- **Supplied data**:
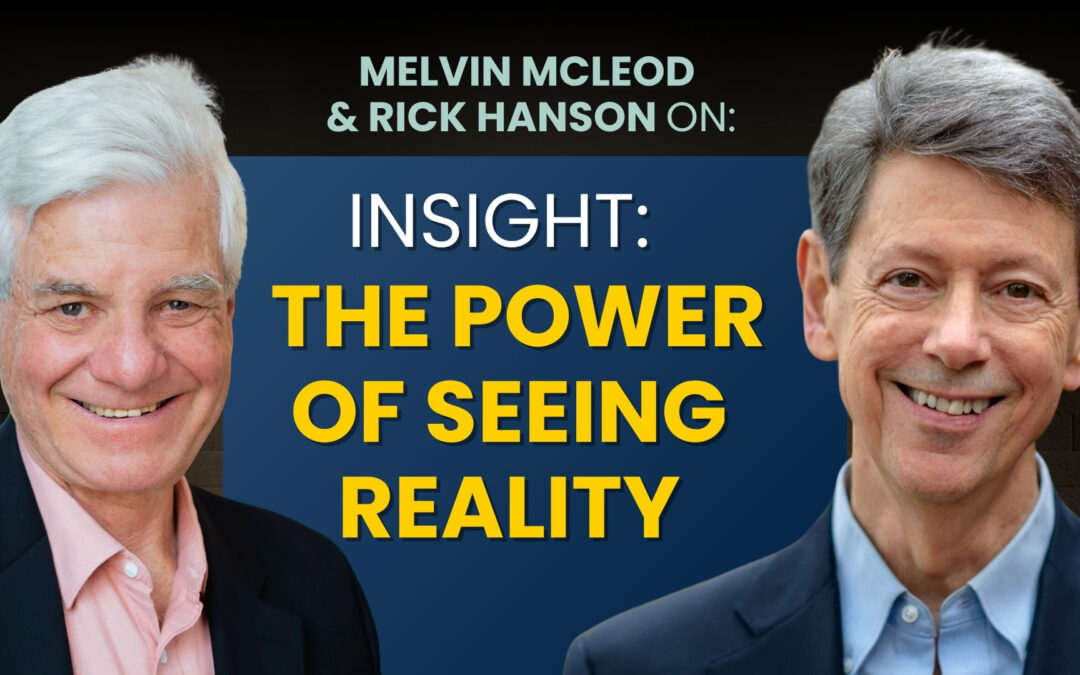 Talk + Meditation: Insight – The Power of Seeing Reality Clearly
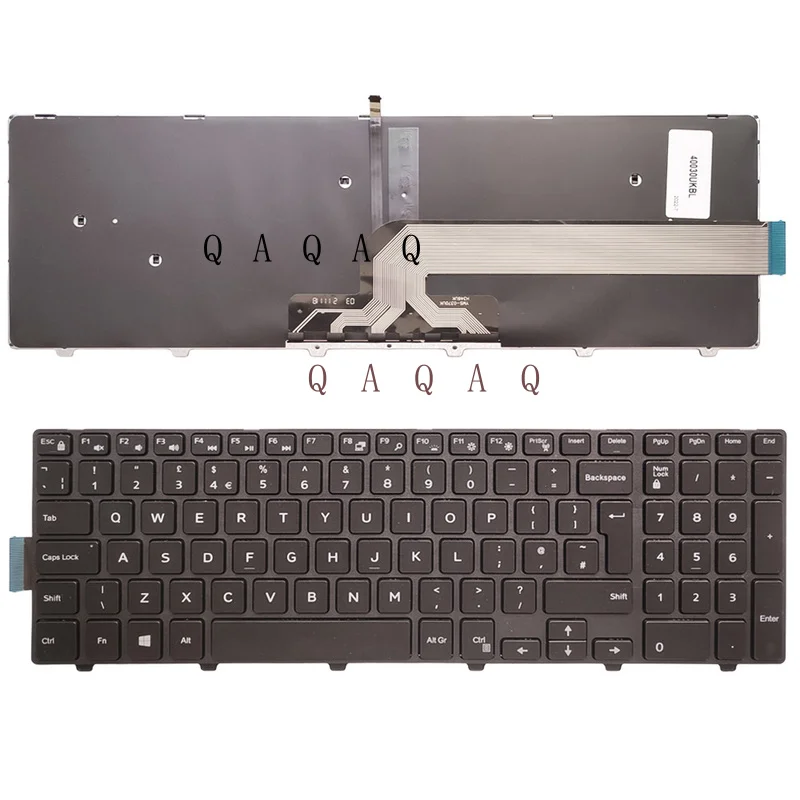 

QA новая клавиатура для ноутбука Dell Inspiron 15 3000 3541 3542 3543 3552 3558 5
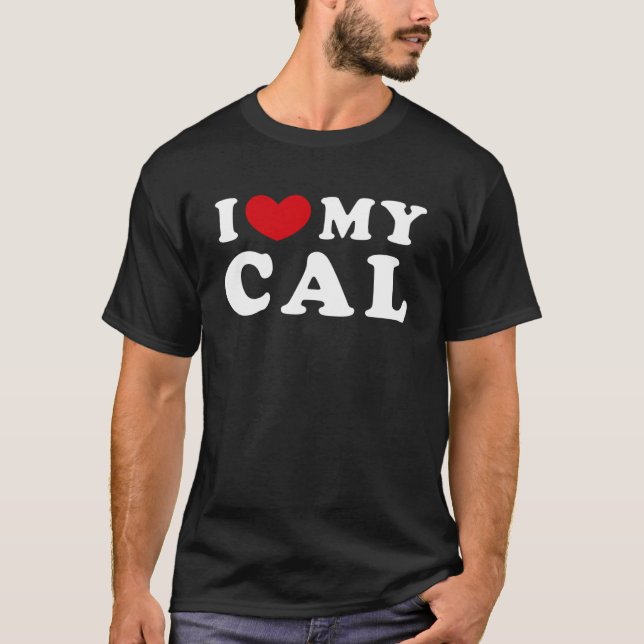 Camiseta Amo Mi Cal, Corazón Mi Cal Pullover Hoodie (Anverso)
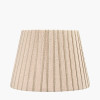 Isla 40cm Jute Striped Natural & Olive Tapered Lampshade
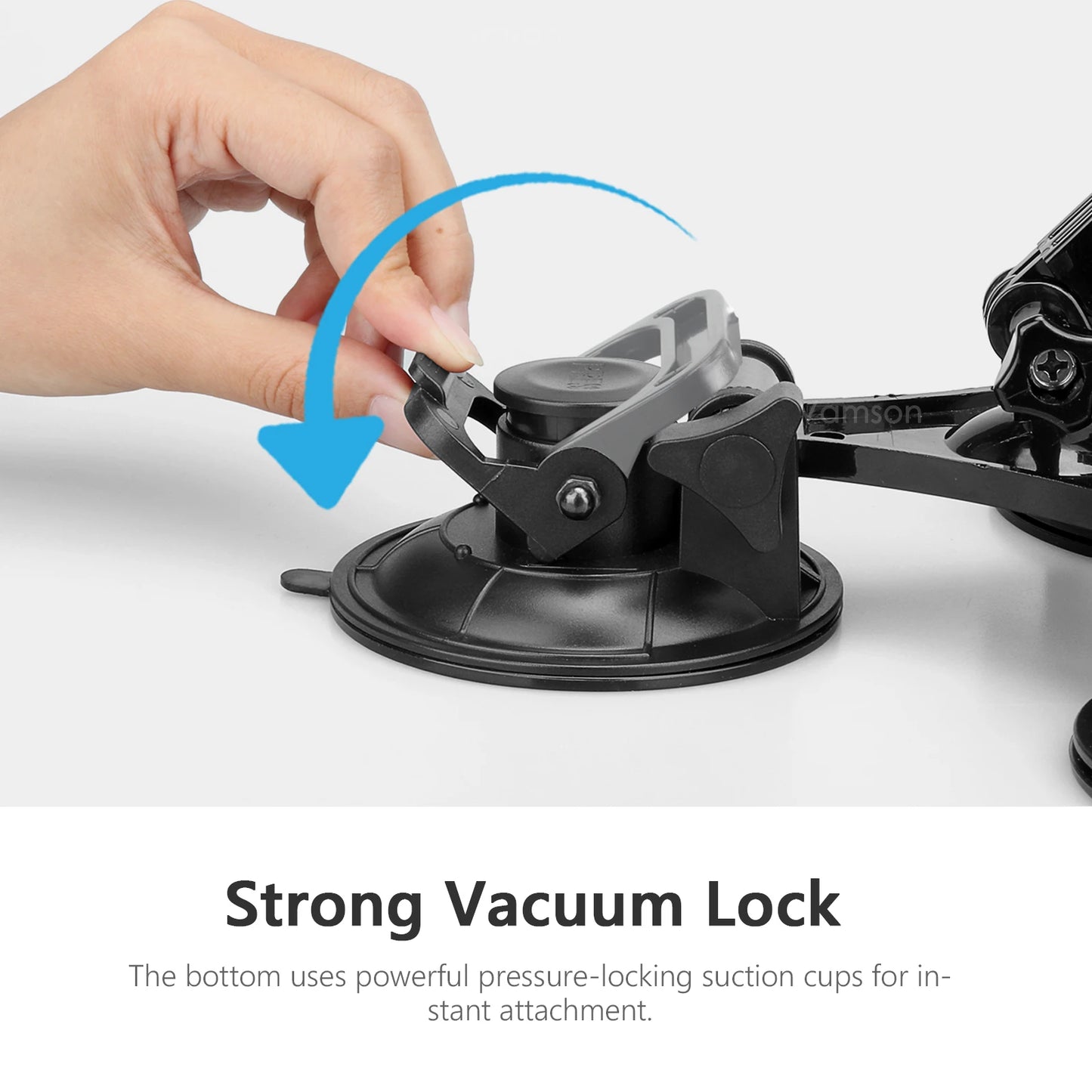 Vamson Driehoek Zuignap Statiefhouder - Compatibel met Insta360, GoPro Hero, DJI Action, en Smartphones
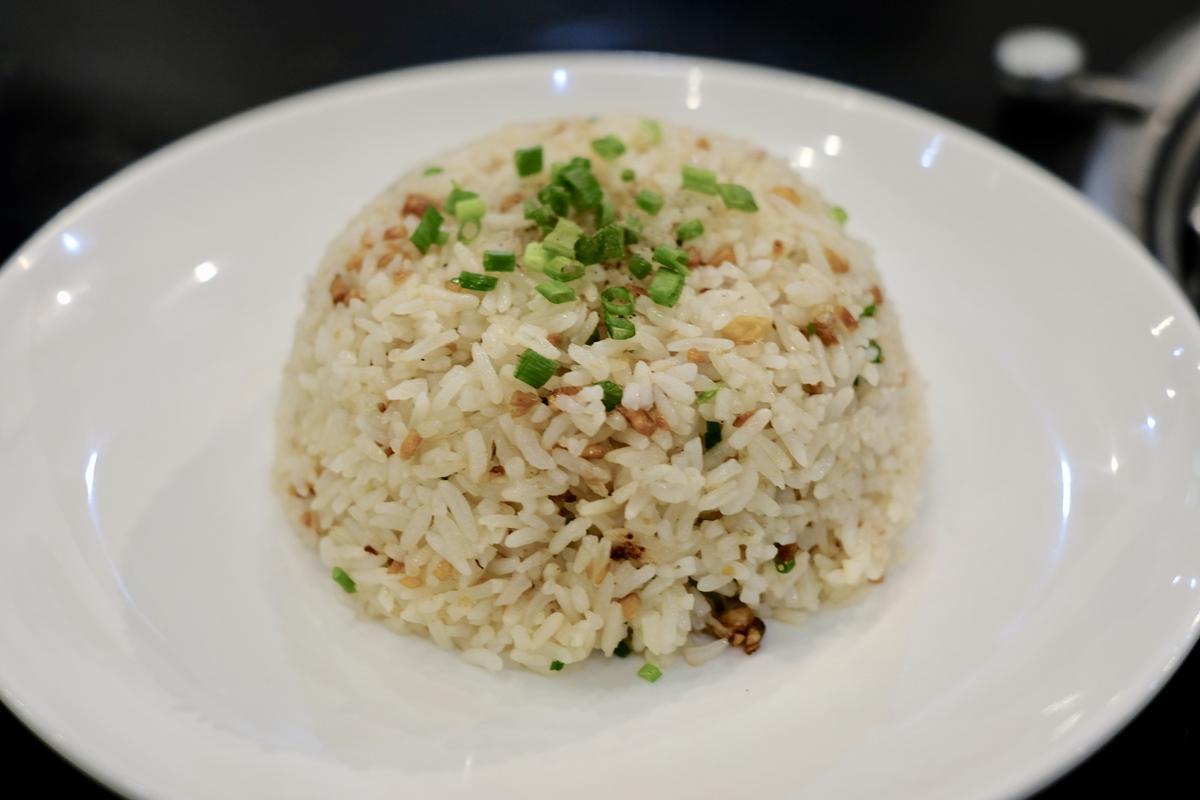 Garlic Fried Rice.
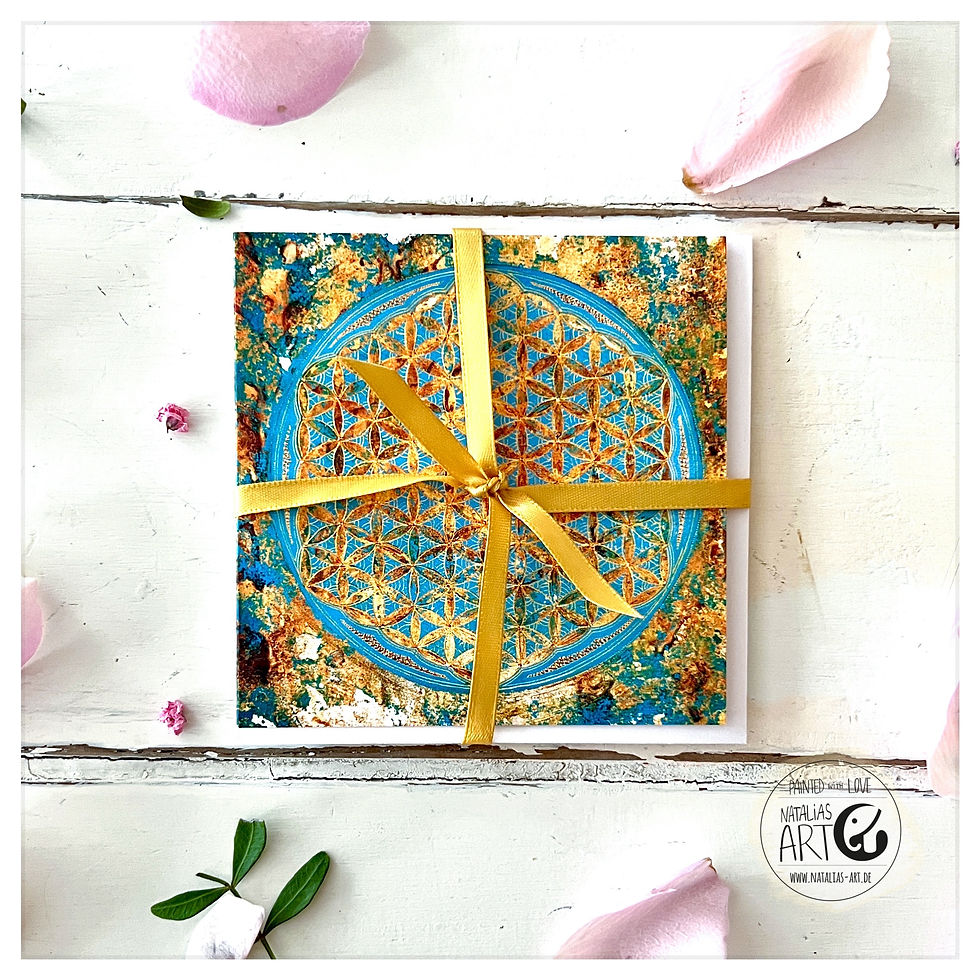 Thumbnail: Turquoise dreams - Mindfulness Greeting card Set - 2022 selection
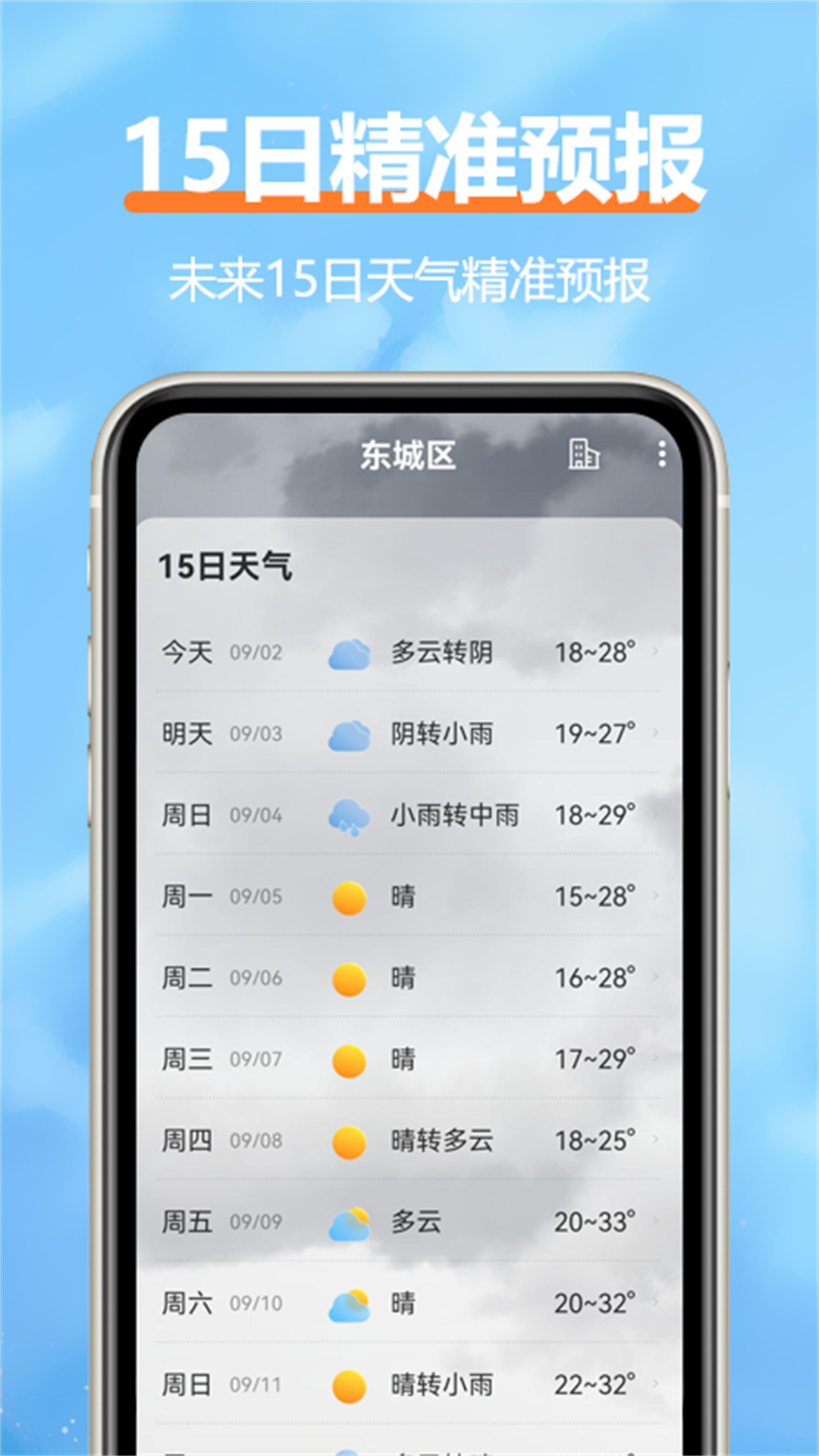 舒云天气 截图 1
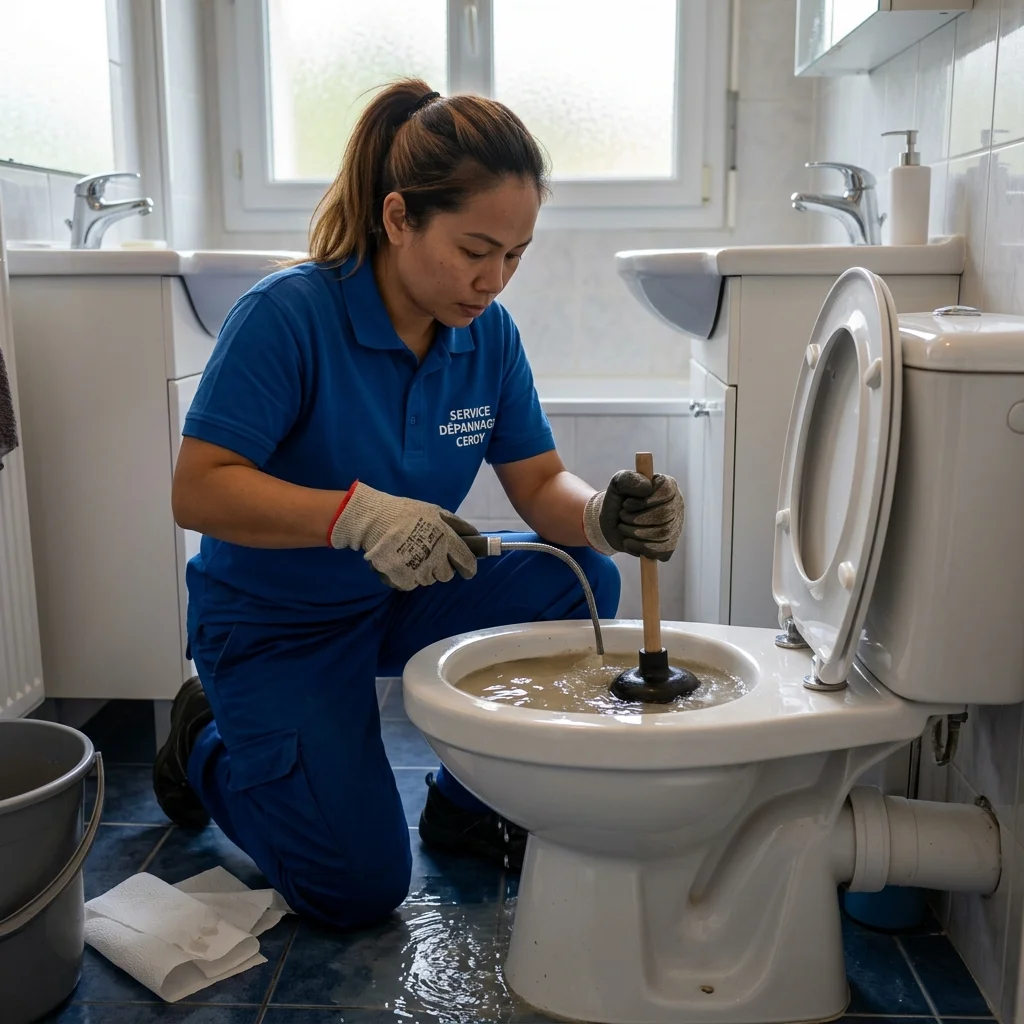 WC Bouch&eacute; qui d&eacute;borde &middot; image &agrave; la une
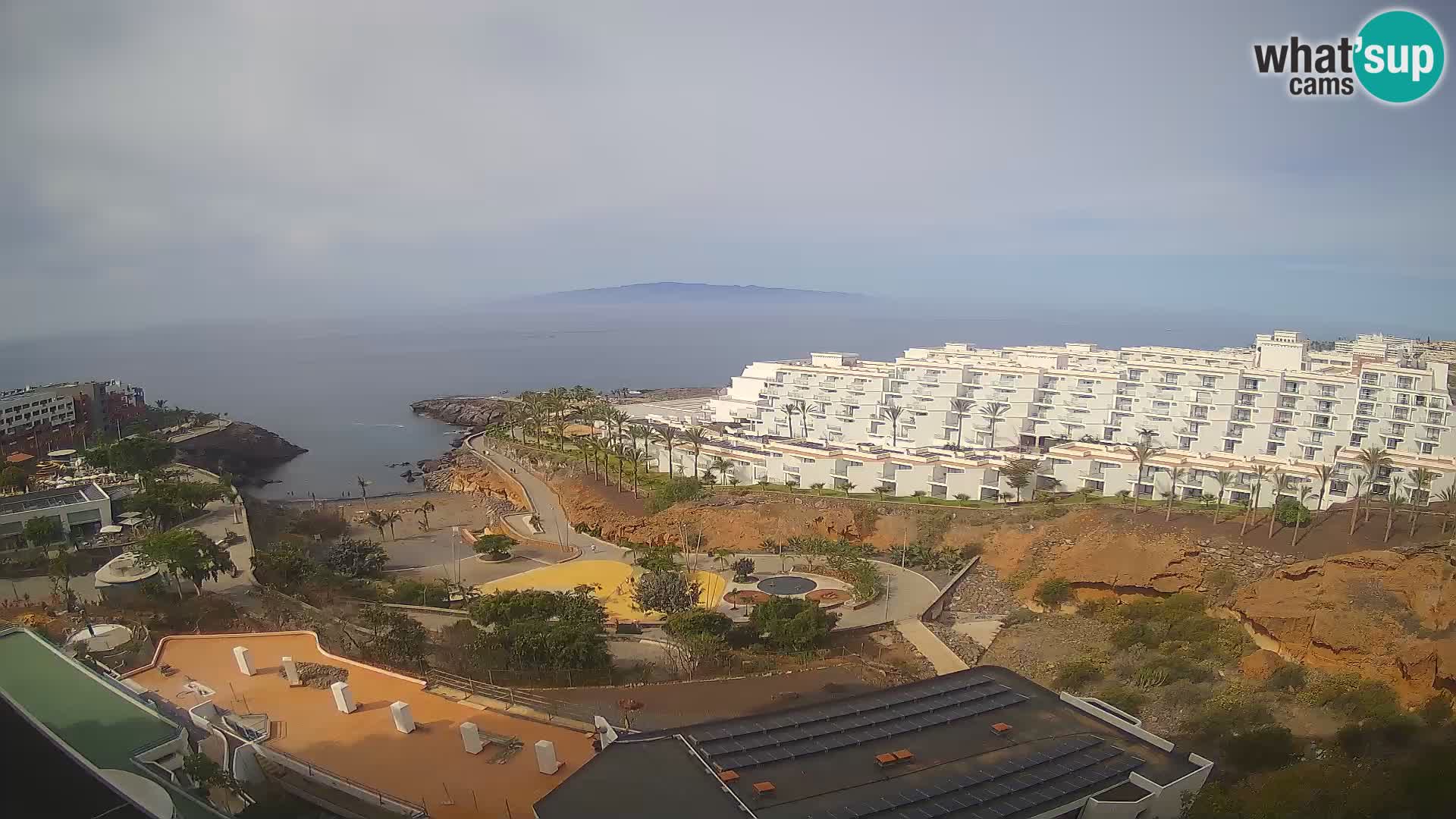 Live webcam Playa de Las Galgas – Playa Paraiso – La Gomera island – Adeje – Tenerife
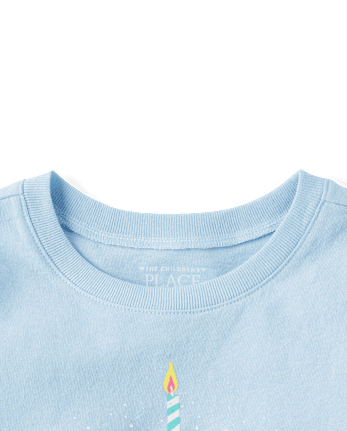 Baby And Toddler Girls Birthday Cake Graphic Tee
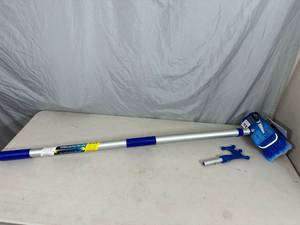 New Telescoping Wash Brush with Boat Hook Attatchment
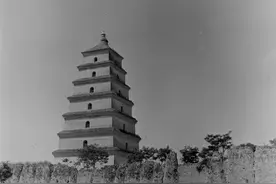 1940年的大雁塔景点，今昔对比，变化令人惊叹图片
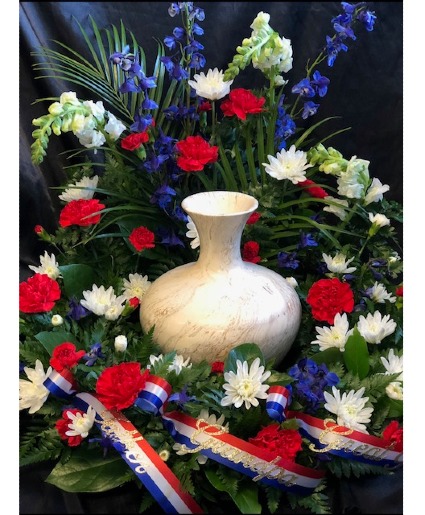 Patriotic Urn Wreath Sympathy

- **What needs to be done**: Reproduce the lines above exactly, image-free.

- **Expected answer**:
 Talk + Meditation: Insight – The Power of Seeing Reality Clearly

QA новая клавиатура для ноутбука Dell Inspiron 15 3000 3541 3542 3543 3552 3558 5
 Camiseta Amo Mi Cal, Corazón Mi Cal Pullover Hoodie (Anverso)
 Isla 40cm Jute Striped Natural & Olive Tapered Lampshade
 Vamson Driehoek Zuignap Statiefhouder - Compatibel met Insta360, GoPro Hero, DJI Action, en Smartphones
 Garlic Fried Rice.
 Thumbnail: Turquoise dreams - Mindfulness Greeting card Set - 2022 selection
 舒云天气 截图 1
 WC Bouch&eacute; qui d&eacute;borde &middot; image &agrave; la une
 Live webcam Playa de Las Galgas – Playa Paraiso – La Gomera island – Adeje – Tenerife
 Baby And Toddler Girls Birthday Cake Graphic Tee
 New Telescoping Wash Brush with Boat Hook Attatchment
 1940年的大雁塔景点，今昔对比，变化令人惊叹图片
 Patriotic Urn Wreath Sympathy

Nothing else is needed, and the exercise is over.